### [WORK ORDER]
Should an entry include a picture, omit the picture and still repeat everything else exactly.
• • • • •
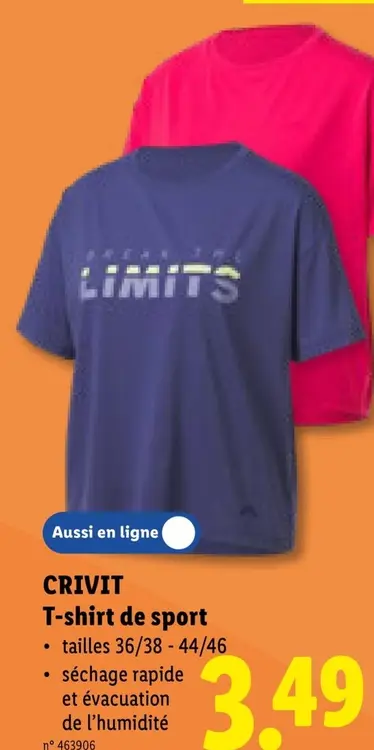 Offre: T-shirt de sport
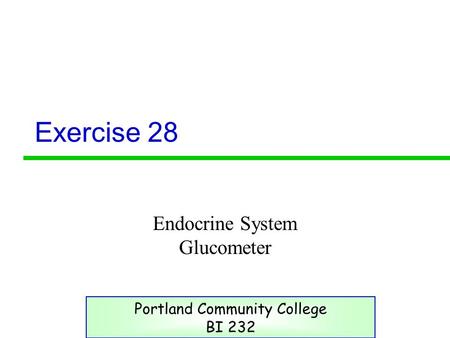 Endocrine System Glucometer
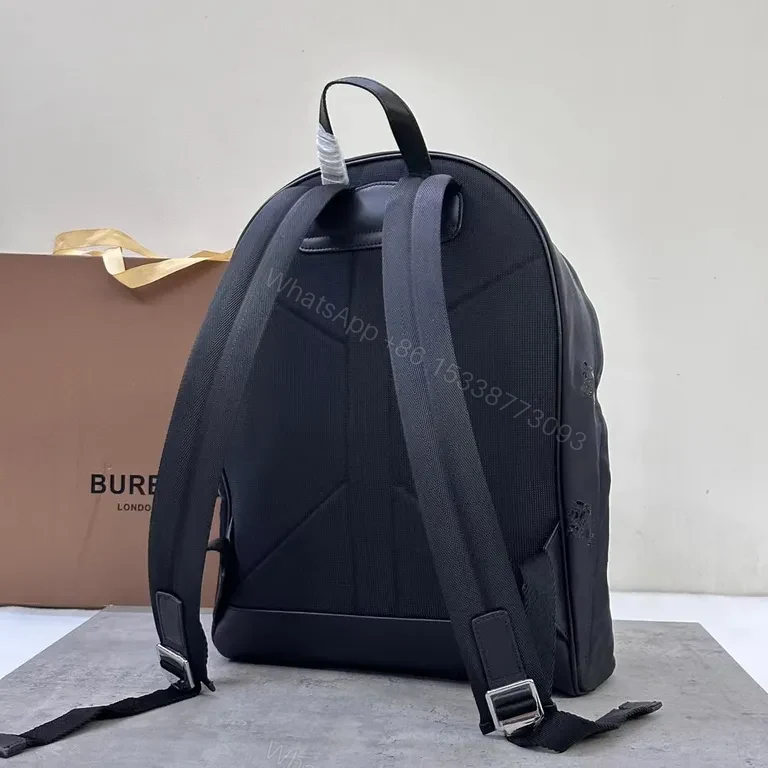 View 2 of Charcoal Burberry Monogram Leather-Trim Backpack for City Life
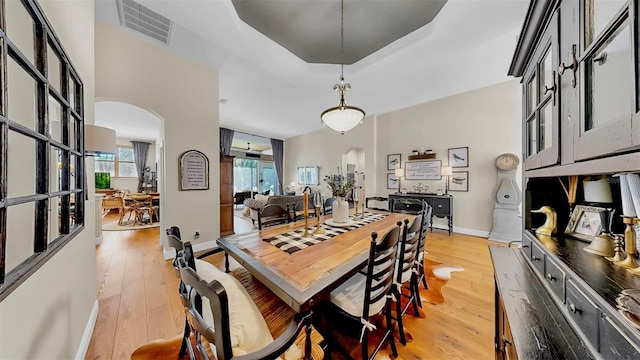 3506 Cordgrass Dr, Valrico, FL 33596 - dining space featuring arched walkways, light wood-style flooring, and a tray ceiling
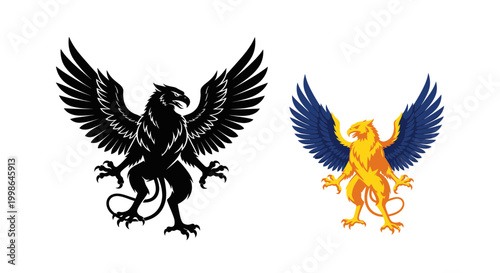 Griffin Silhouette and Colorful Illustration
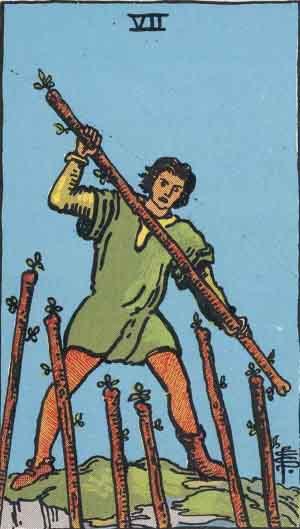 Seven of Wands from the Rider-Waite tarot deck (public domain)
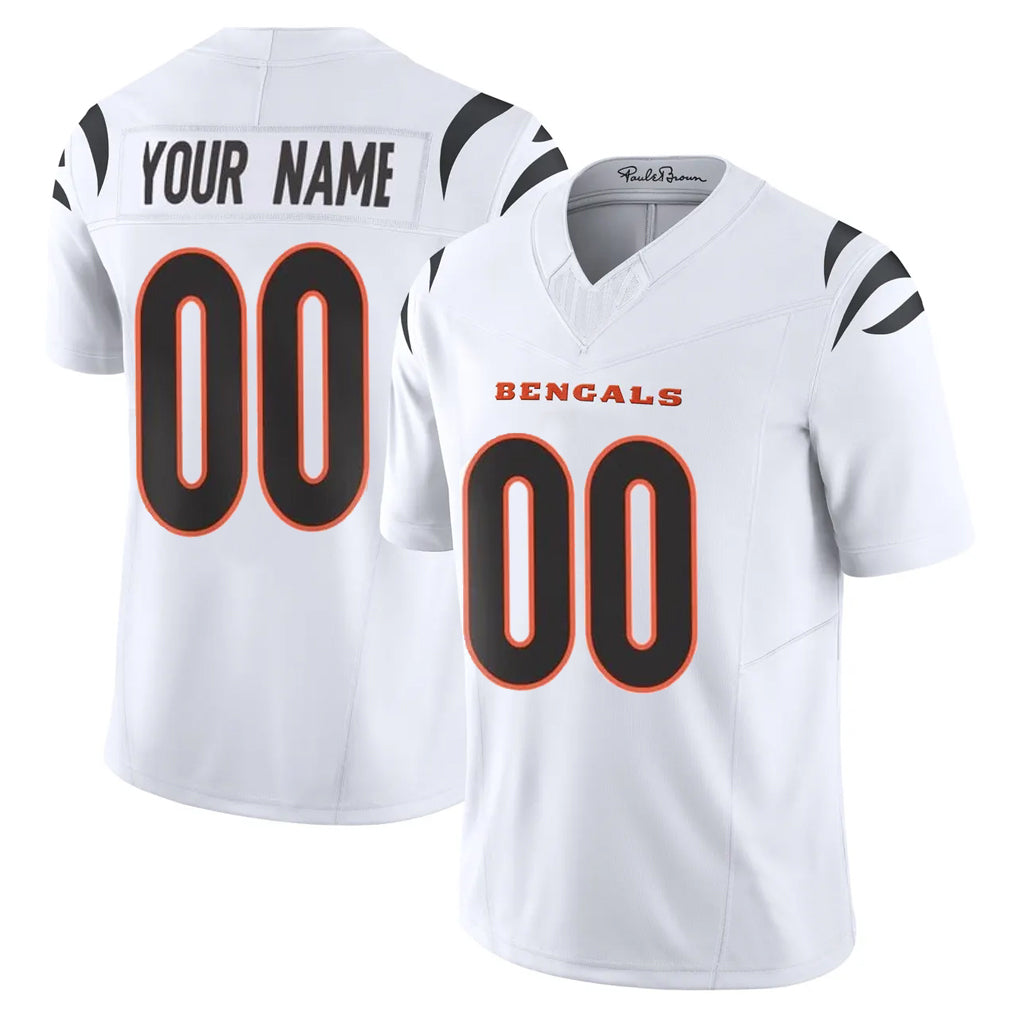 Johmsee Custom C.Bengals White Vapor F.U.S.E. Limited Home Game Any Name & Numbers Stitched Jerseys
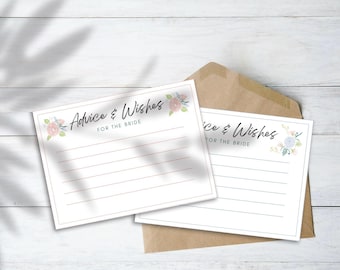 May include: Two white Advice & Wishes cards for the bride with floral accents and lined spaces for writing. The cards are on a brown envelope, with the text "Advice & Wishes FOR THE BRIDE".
• • • • •
### [OUTPUT]
 Offre: T-shirt de sport
 Endocrine System Glucometer
 View 2 of Charcoal Burberry Monogram Leather-Trim Backpack for City Life
 3506 Cordgrass Dr, Valrico, FL 33596 - dining space featuring arched walkways, light wood-style flooring, and a tray ceiling
 Griffin Silhouette and Colorful Illustration
 Seven of Wands from the Rider-Waite tarot deck (public domain)
 Johmsee Custom C.Bengals White Vapor F.U.S.E. Limited Home Game Any Name & Numbers Stitched Jerseys
 May include: Two white Advice & Wishes cards for the bride with floral accents and lined spaces for writing. The cards are on a brown envelope, with the text "Advice & Wishes FOR THE BRIDE".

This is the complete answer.